Colposcopy is a highly subjective examination method, the performance of colposcopy in cervical pathological diagnosis varies greatly among observers, which depends on the duration of the experience of colposcopists [27]. In our previous study, the diagnostic performance of colposcopy in the diagnosis of CIN2 + by senior and junior colposcopists was comparable in women with oncogenic HPV regardless of TZ type [30]. However, herein subgroup according to colposcopists, experience, we found the relative sensitivity (63.2% versus 41.3%) and accuracy (80.6% versus 68.6%) of senior colposcopists to identify CIN2 + were significantly higher than those of junior colposcopists. The specificity (98.0% versus 95.8%) of seniors was slightly higher than juniors. Dorji et al. [27] also found the sensitivity (80.00% versus 59.46%) of senior colposcopists was higher than junior colposcopists. However, senior colposcopists had lower specificity (71.07% versus 76.72%) and almost comparable accuracy (72.60% versus 72.55%). In a similar study done in Germany, the colposcopic sensitivity (86.0% versus 70.2%) of senior colposcopists to diagnose CIN2 + lesions was higher than junior colposcopists, with lower specificity (65.1% versus 68.6%) [31]. One possible explanation might be the fact that young colposcopists lack of course and some amount of knowledge and skills acquired over the years. Our data underline the need for qualified staff including standardized colposcopy steps, regular updated courses, regular supervision and quality assurance measures, especially for junior colposcopists.

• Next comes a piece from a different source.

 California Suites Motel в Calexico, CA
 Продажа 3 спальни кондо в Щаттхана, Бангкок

In subgroup analysis according to patients, age, we found the diagnostic accuracy of colposcopy for identifying CIN2 + decreased as age increased with the balanced accuracy of colposcopy in age group < 45 years, 45–59 years and ≥ 60 years being 84.4%, 74.9% and 70.3%, respectively. A recent retrospective study reported the accuracy rates for detecting HSIL which were 65.67% (age ≤ 30 years ), 71.12% (31–45 years) and 60.43% (> 45 years) [32]. Some studies have also observed that the diagnostic accuracy of colposcopy-guided biopsy for identifying HSIL + decreased with increasing age. For example, Kim et al. [33] found that the diagnostic accuracy of colposcopy-guided biopsy in age groups < 35 years was 81.0%, 74.4% for 35–50 years and 68.8% for those patients aged ≥ 50 years. Stuebs et al. [17] also reported similar trends in the accuracy rates for detecting HSILs. The authors themselves postulated that relatively poor diagnostic performance for identifying HSIL + in women ≥ 50 years might be related to postmenopause, unidentifiable SCJ or cervical lesions that are not well visualized with colposcopy. CIN2 + cases were more likely to be missed among older women and therefore should be considered more carefully during clinical consultations.

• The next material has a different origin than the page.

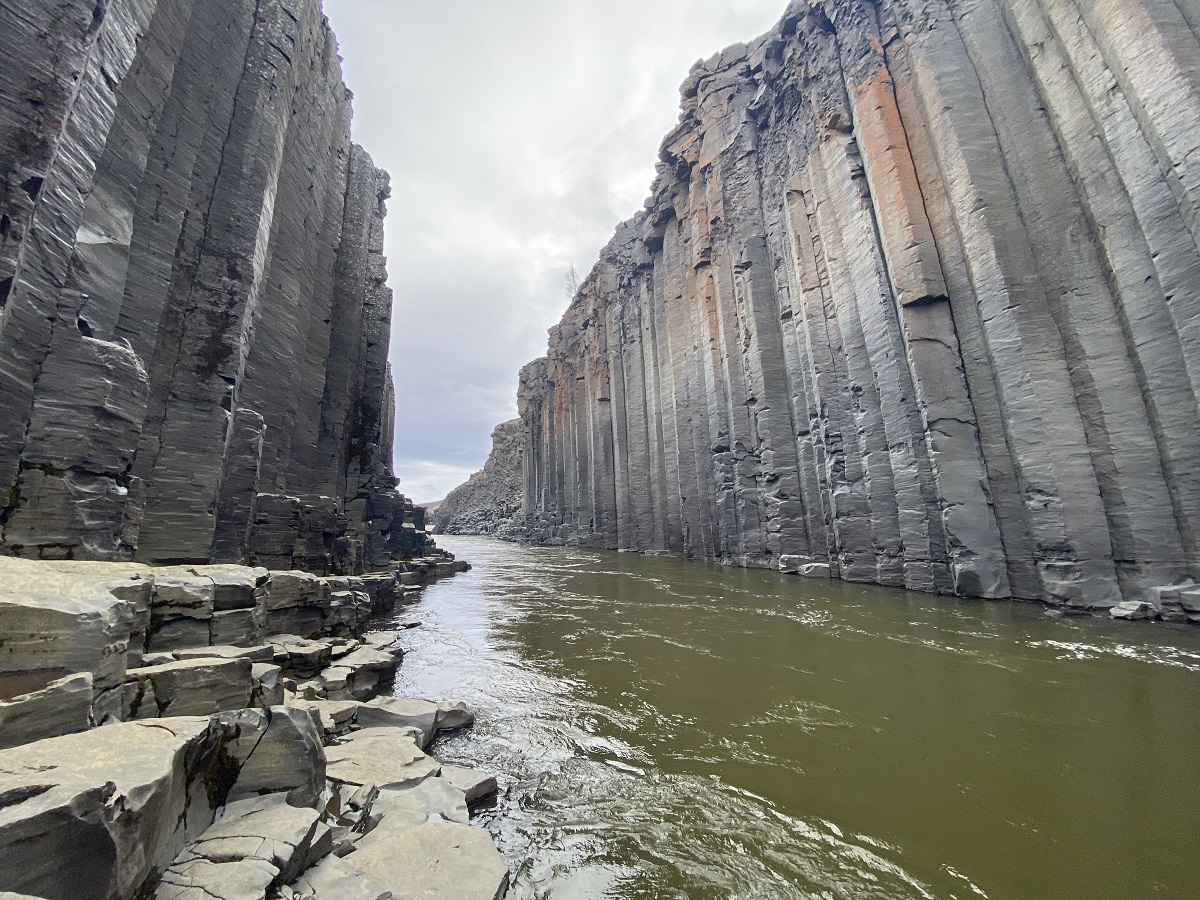 Studlagil basaltstenen kloof gelegen in het noorden van IJsland. Er stroomt een rivier doorheen.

A major strength of this study was the use of real-world data from a number of women with TZ3 at colposcopy. Our study contributed results from a highly unique group of women attending colposcopy which provided baseline data, and way forward for improvement. However, there are several limitations that should be considered. First, although we selected consecutive patients with clearly defined eligibility criteria, inevitable issues might arise in retrospective studies such as selection bias. For example, women with TZ3 but without histology diagnosis were excluded, which will yield inherent bias. Second, as a single-institution study, the sample size might be insufficient, and larger numbers are needed to make the results more robust. Third, the biopsy specimens were taken only from suspicious lesions without comparable control specimens. Finally, we have only studied colposcopic accuracy for detecting CIN2+, the data required to discern differences between CIN2+, CIN3 + and cervical cancer are also meaningful.

Conclusions

In conclusion, the overall diagnostic accuracy of colposcopy and the consistency between colposcopy and histology in our study were comparable to previous studies, but further improvement was required. The relative sensitivity and balanced accuracy among junior colposcopists were lower than senior colposcopists. Moreover, diagnostic inaccuracies of colposcopy were magnified in those ≥ 60 years old. Future measures towards improving the performance of colposcopy such as using a reasonable scoring system and standard diagnostic criteria are still warranted.